Embracing HBCU Pornography
There are many social and moral debates that people can have about the watching and making of pornography, but few can argue about the basic tenets of what makes the industry profitable and lasting.
It’s the selling of sex; a basic human need that everyone wants, everyone needs, and is socially taboo enough to push the average, well-intentioned person into a tug-of-war between passing curiosity and outright addiction.
Pornography grosses billions of dollars a year, despite having federal laws and advertising restrictions that limit its visibility to the masses. If they want to find it, people young and old can find a way to get to a store, website or channel that will deliver the goods.
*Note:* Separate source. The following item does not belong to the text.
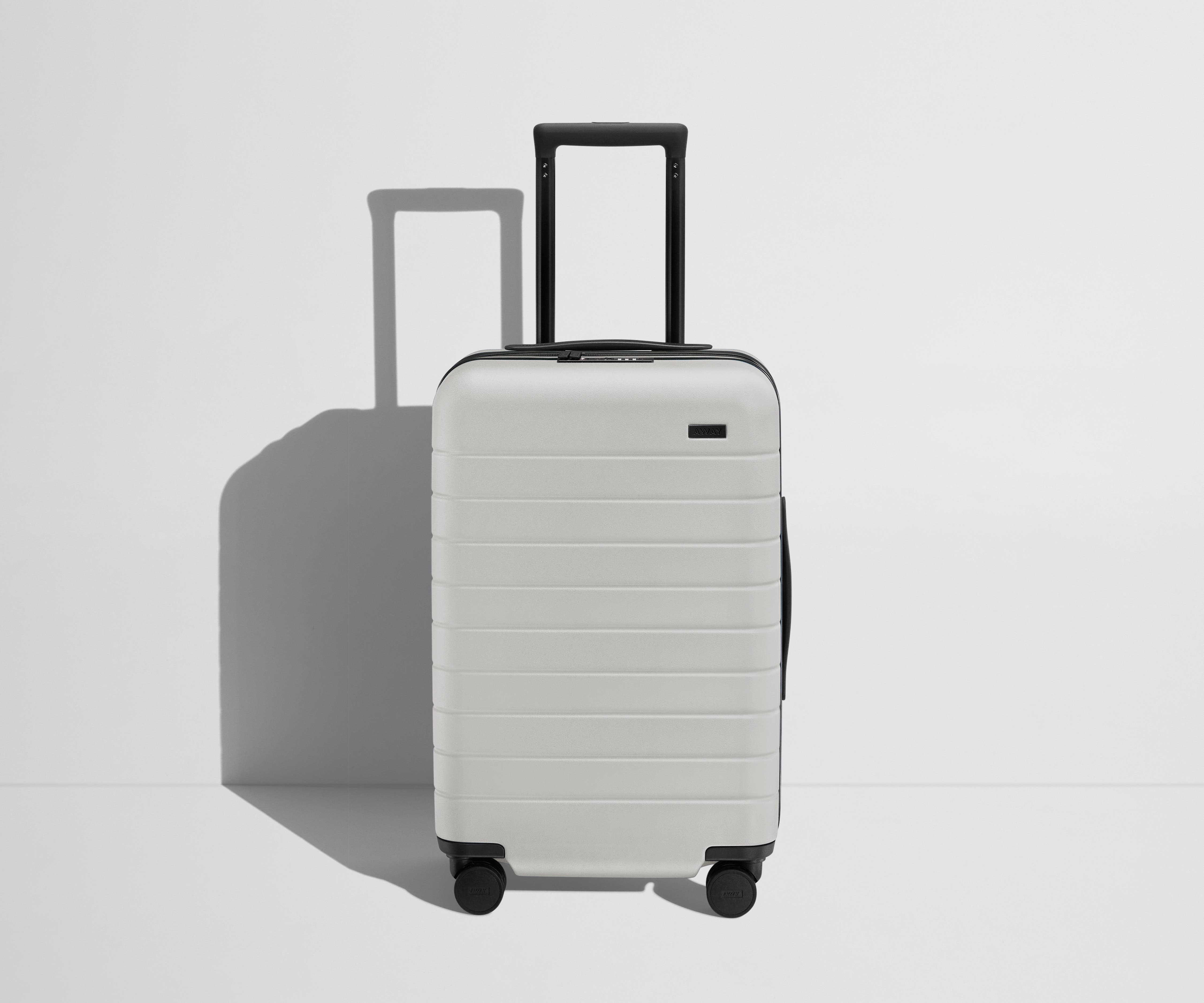 Front product view of The Carry-On Flex suitcase in Cloud Gray with raised handle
On a far less morally questionable scale, so goes the way we approach HBCU social culture. Students and alums relish sports, homecoming, parties, Greek life and all the fun things that flavor the college experience. These elements attract students from around the country, and bring alumni back to campuses with carefully crafted engagement resources planted within events.
But a look at any common HBCU website or talking points from leadership conveys no connection to the parties and celebrations that enrich the black college culture.
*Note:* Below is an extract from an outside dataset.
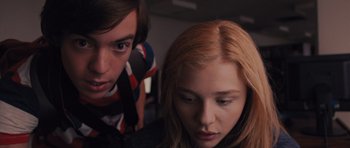 Movie still from “Carrie” (2013), directed by Kimberly Peirce – A young man standing next to a young woman; Close Up shot, Low angle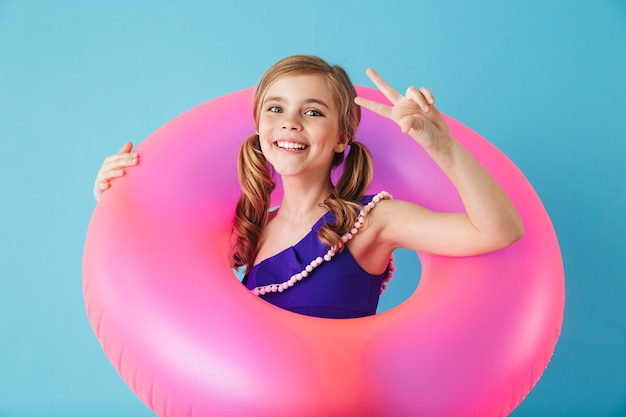 Bambina allegra che indossa il costume da bagno in piedi isolata sul muro blu, giocando con un anello gonfiabile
Why shun the elements that make HBCUs culturally unique and appealing? Why present HBCU value and omit the long-standing social structure that, outside of the universal “do you have my major” and “can I afford this place” questions, is a top predictor of enrollment and retention?
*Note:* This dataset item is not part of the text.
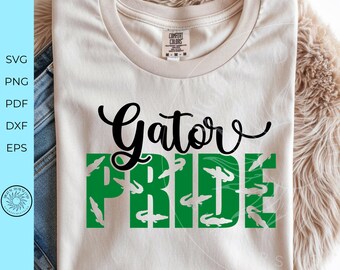 May include: A cream-colored t-shirt featuring the black cursive text Gator above the green block-letter text PRIDE. The green letters contain a repeating white alligator pattern. The shirt has a Comfort Colors brand label at the inner neckline.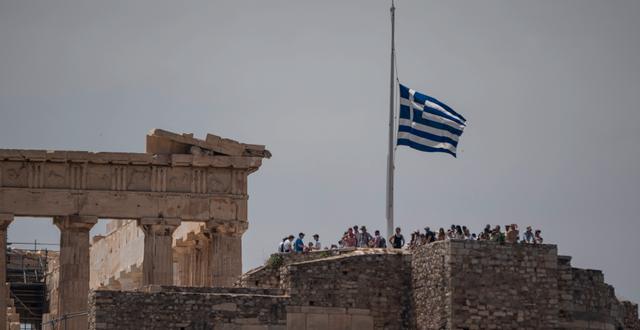 Den grekiska flaggan vajar på halv stång vid Parthenon-templet efter katastrofen. Petros Giannakouris / AP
Why do we pretend that HBCU “porn” doesn’t exist?
This isn’t to suggest to campus life and HBCU social culture trumps academic rigor and research. But it is a part of the college experience that, at the very least, HBCUs should risk to test the cost-benefit ratio of promoting. North Carolina A&T describes its homecoming celebration as the “Greatest Homecoming on Earth.” “GHOE” has become an annual staple among global trending topics on Twitter.
So how many clicks does it take to get to any mention of it on the NCA&T campus life portal? Same thing with Howard, the Mecca of HBCUs with the most commercially recognized homecoming in Black America; zero mention of it outside of its annual event-dedicated site.
Neither school posts blogs, photos, videos, anything that can confirm what potential students have heard about these events. Both schools, like many HBCUs, drastically miss the opportunity to shape the perspective on how social programming builds community, solicits support, invites media coverage, and attracts revenue streams.
At least students and young alumni get it.
Social life is a major part of the HBCU experience, and while every opportunity should be taken to shout about the black college legacy of academic and professional preparedness, other elements of undergraduate and alumni social ties can’t be devalued or privately celebrated.
If HBCUs say they change lives through learning, scholarship and service, let them also cop to the civic pride the build through parties, football games and step shows. These things don’t make us lesser scholars, unfocused students or lackadaisical alumni; they make us well-rounded people who know how to have fun and serve humanity when the right time demands each.
Socialization is a basic need and few institutions do it better than HBCUs. If we stop treating our social legacy like a common skin flick, the more power we’ll give to students and alumni to embrace all that we have to offer, and for potential students to join in the fun.